Entrance to Rio Grande Village

The remoteness of Big Bend was astonishing to me. When we arrived, I was again stunned by the smallness of the Rio Grand Village. There were no phones anywhere in the hotel or the visitors center. According to the hotel staff, there was only one pay phone in the community center that you had to stand in line to use! I had no clue!! Of course, there was no internet then, so we only had maps and travel books to guide us.

We stayed in at the Mission Lodge in Study Butte, about 2 miles west of Big Bend Park. We were brave enough to try the only cafe in the tiny town of Study Butte. Both our uncrowded hotel and the local cafe were acceptable.

The landscape around the Big Bend Basin was brown and gray rocks, canyon, cliffs and cactus with a few blooming wildflowers. The Chinos Mountain was easily recognizable and there was a walking path at the base where visitors could take a stroll. We also visited a Desert Dwellers abode in Big Bend, drove the Ross Maxwell scenic drive, and visited the Homer Wilson Ranch. Along the way, we spied road runners, javelina, mule deer and coyotes.

We heard about an area where you could cross into Mexico by boat. With some basic info from someone we met at the hotel, we found the gravel and grass parking lot. Even as naive as we were, when we saw the tiny boats and the river crossing area with no visible facilities on the U.S. side or the Mexico side, we knew to turn around and leave. It may be different in 2021, but then there was no organization, no information about what do to on the Mexican side and we had no idea if the boats would be there to bring us back to Texas.

Boquillas Canyon

It was so long ago, but based on information from current visitors, I believe this may have been the Boquillas Crossing Port of Entry before any rangers were based there. Now there’s plenty of facts available about the crossing and visitors enjoy the experience.

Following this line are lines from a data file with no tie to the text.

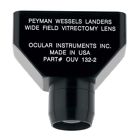 Ouv-132-2 Ocular Instruments Upright Vitrectomy Lens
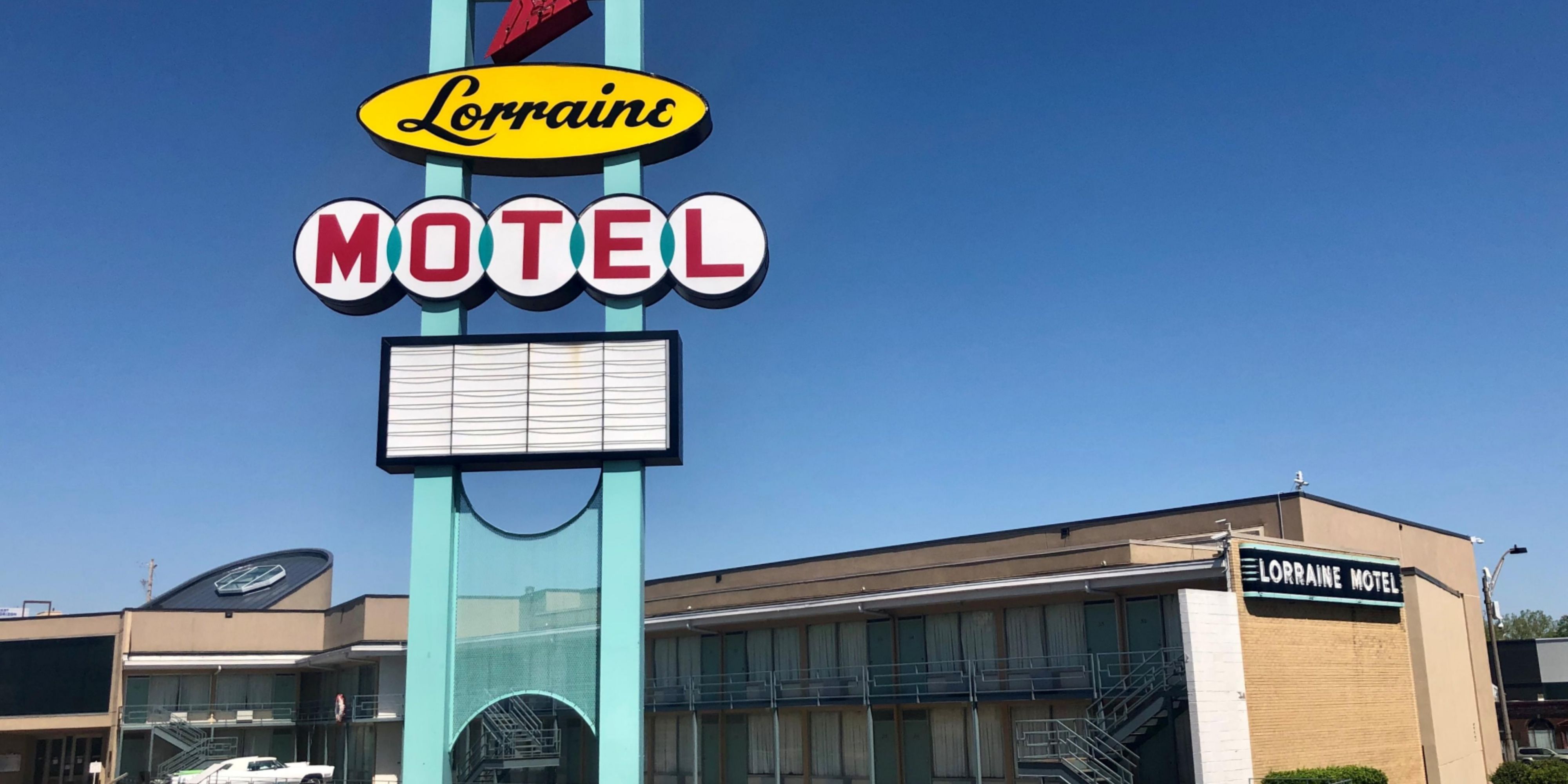 Motels Near Memphis Tn - If you'd rather travel by train, the main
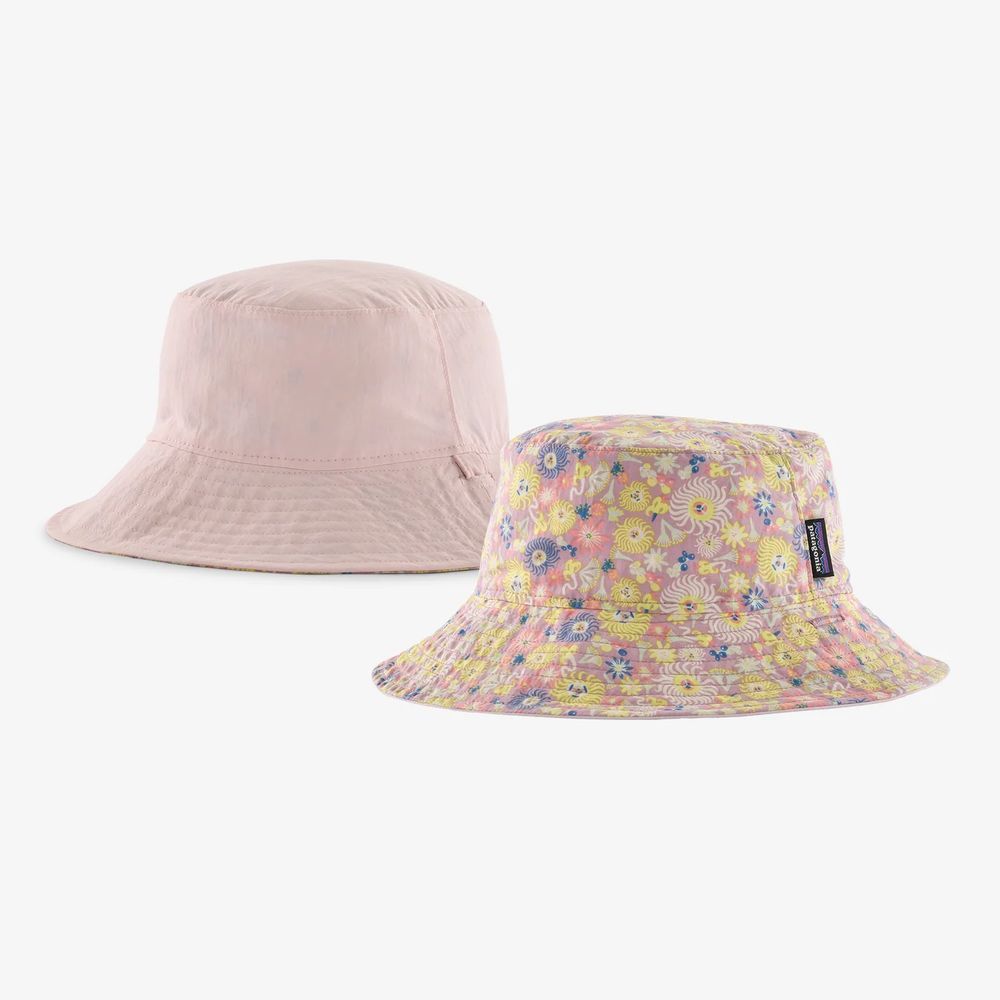 Baby Sun Bucket Hat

St. Elena Canyon and the Rio Grande River

The highlight of our visit was seeing St. Elena Canyon. We travelled to the canyon via the 14 mile gravel Old Maverick Road. This road runs between Maverick Junction and Santa Elena Canyon and passes by the Terlingua Creek badlands on the west side of the park. At the end of the Old Maverick Road, there is a gradual descent to the Rio Grande and St. Elena Canyon. We took our time and wandered around. Standing there looking at the canyon walls with our feet on U.S. soil, it was difficult to believe that the opposite canyon wall was Mexico! We walked along the bottom of the canyon as far as we could go and then drove to an overlook of the Rio Grande. In all of our time at St. Elena Canyon, we did not encounter any other tourists!

St Elena Canyon Overlook

Our adventure in Big Bend National Park was definitely not an ordinary tourist visit. It did have a lasting impact on our impression of National Parks. Certainly, in 2021, Big Bend is more tourist friendly, but we will never forget the memories of our 1995 journey to this secluded and wondrous area!

“Big Bend National Park is intensely wild and extraordinarily beautiful – tucked away at the end of a couple of roads in southwest Texas.”